Leaving the pictures aside, reproduce the data in full and word for word.

Material provided
● ● ● ● ● ● ●
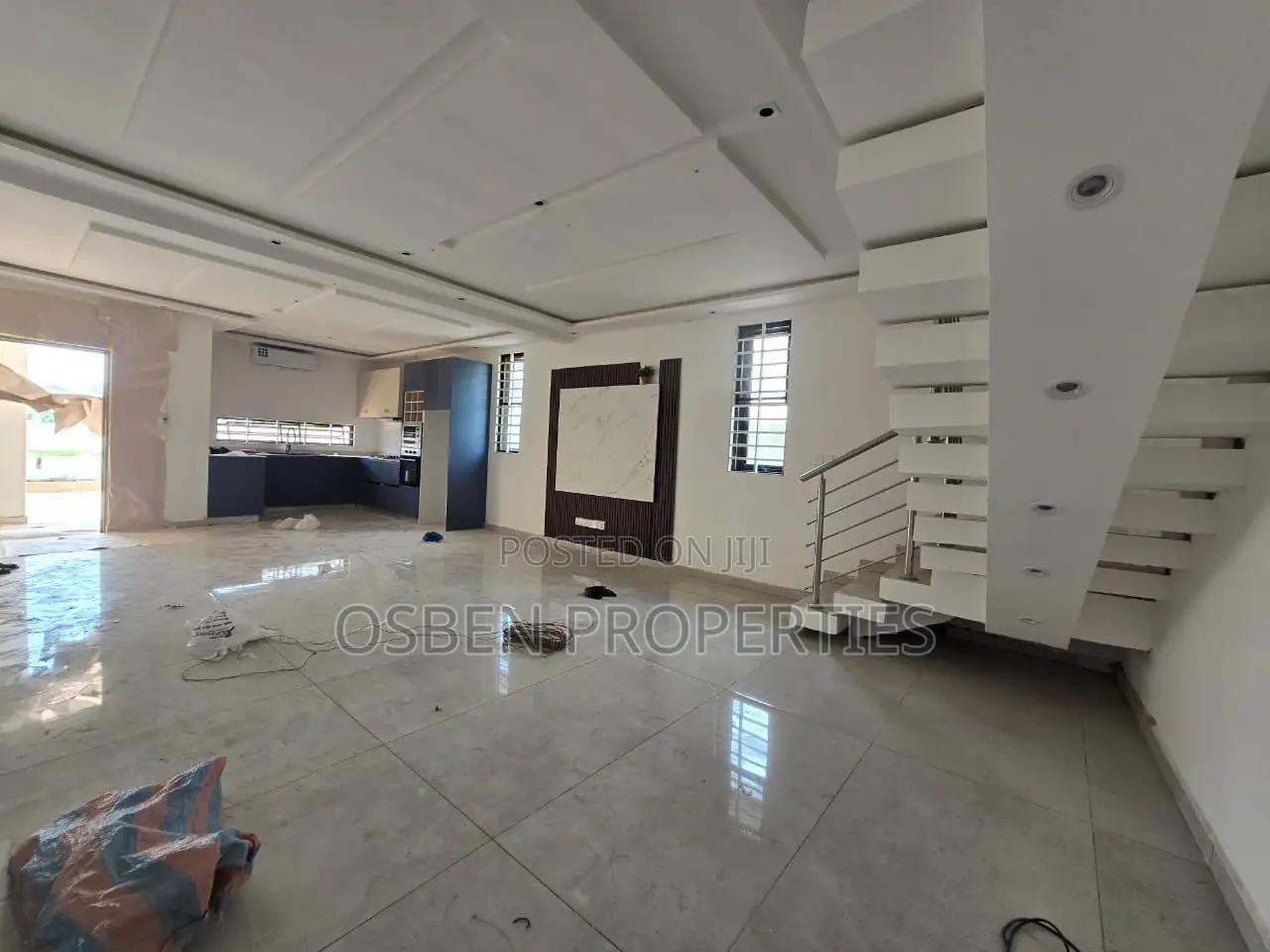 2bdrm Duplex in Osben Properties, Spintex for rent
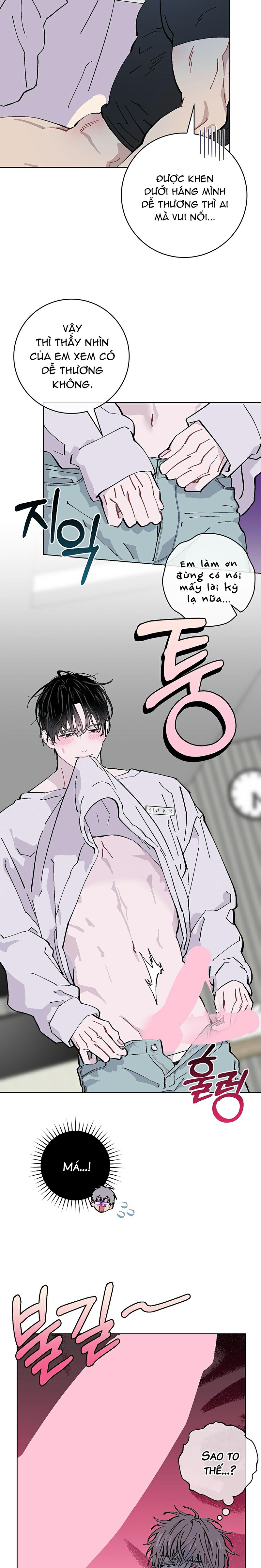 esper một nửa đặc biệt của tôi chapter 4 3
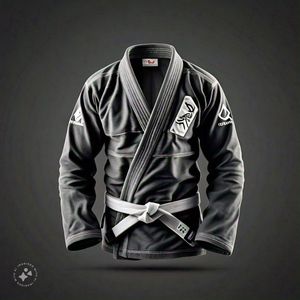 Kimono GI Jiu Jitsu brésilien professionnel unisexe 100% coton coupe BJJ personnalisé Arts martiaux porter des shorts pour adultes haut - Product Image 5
● ● ● ● ● ● ●
Written solution
 2bdrm Duplex in Osben Properties, Spintex for rent
 esper một nửa đặc biệt của tôi chapter 4 3
 Kimono GI Jiu Jitsu brésilien professionnel unisexe 100% coton coupe BJJ personnalisé Arts martiaux porter des shorts pour adultes haut - Product Image 5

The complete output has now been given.